Kraft Foods owned Oreo before splitting into two separate companies
in 2012. Oreo and other cookie brands went into the newly created
snacking giant Mondelez International, while Kraft kept brands
including Velveeta and Oscar Mayer. Kraft and Heinz merged three
years later, creating a new food giant, although one devoid of
cookies.
So was Kraft Heinz thinking about Oreo (and maybe feeling its absence) as it created this new product?
"We are not here to compete with a single brand in particular -- there are many sandwich cookies in the market today," says Roshni Chatterjee, head of white space innovations for Asia-Pacific at Kraft Heinz. "It's not only about sandwich biscuits, it's about snacking, which is the competition."
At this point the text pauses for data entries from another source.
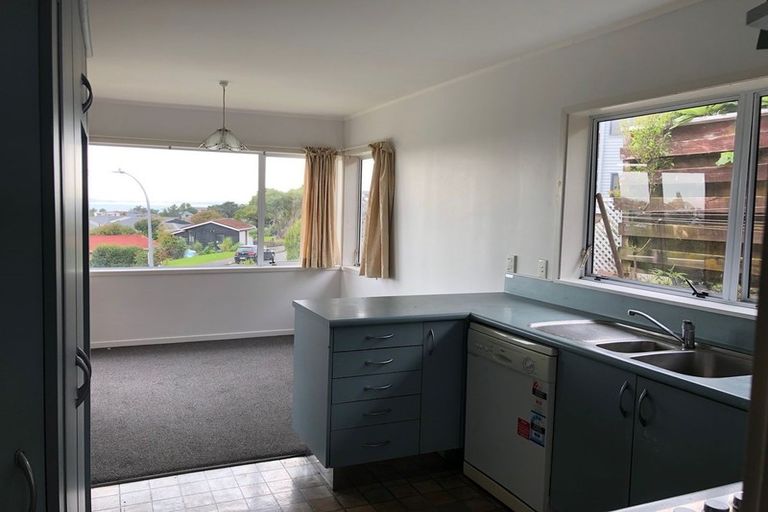 Photo of property in 1/7 Chilton Place, Howick, Auckland, 2014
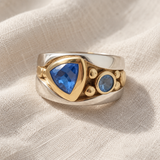 Anel boho elegante com zircónias azuis cintilantes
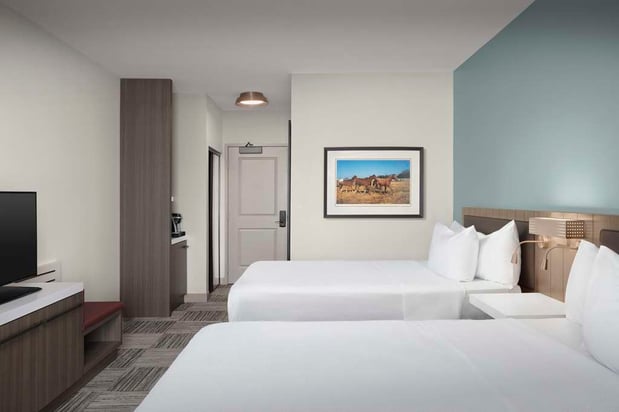 Images Hilton Garden Inn Granbury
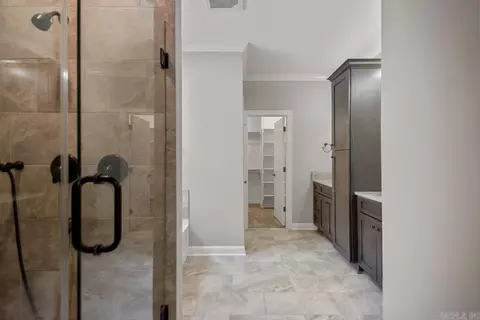 Entry Way - 3611 Logan Ridge Dr, Bryant, AR 72022 photo 4 of 5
That said, the company knew there was untapped potential for Kraft in the cookie category in China. The Kraft name has high awareness in China, and research showed that many Chinese consumers still spontaneously associate Kraft with cookies, years after its cookie business departed with Mondelez. "It definitely was a category of choice for us to participate in," Chatterjee says.
The value of the Chinese market for biscuits and cookies grew at a compound annual growth rate of 8.4 percent between 2011 and 2016, hitting $10.2 billion that year, according to Mintel data. Mondelez is the biggest player in the segment in China, with a 10.6 percent share by value in the first six months of 2016, the most recent data available, though it has lost some ground to local players.
Kraft Heinz, meanwhile, had global sales growth of 0.3 percent to $6.88 billion in the most recent quarter, with sales falling 1.1 percent in the U.S. That may be a reason to look for untapped opportunities in China.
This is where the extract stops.